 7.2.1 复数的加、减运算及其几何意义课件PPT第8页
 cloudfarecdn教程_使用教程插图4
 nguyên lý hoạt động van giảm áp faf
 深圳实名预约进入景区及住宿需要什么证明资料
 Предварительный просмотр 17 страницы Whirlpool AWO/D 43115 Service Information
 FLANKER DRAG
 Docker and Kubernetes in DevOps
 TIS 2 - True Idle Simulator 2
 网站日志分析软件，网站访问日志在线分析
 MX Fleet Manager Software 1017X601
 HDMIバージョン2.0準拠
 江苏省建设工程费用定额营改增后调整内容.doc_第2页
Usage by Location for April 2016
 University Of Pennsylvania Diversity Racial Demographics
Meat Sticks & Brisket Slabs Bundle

Exercise: Return all entries exactly.

Written reply:
 7.2.1 复数的加、减运算及其几何意义课件PPT第8页
 cloudfarecdn教程_使用教程插图4
 nguyên lý hoạt động van giảm áp faf
 深圳实名预约进入景区及住宿需要什么证明资料
 Предварительный просмотр 17 страницы Whirlpool AWO/D 43115 Service Information
 FLANKER DRAG
 Docker and Kubernetes in DevOps
 TIS 2 - True Idle Simulator 2
 网站日志分析软件，网站访问日志在线分析
 MX Fleet Manager Software 1017X601
 HDMIバージョン2.0準拠
 江苏省建设工程费用定额营改增后调整内容.doc_第2页
Usage by Location for April 2016
 University Of Pennsylvania Diversity Racial Demographics
Meat Sticks & Brisket Slabs Bundle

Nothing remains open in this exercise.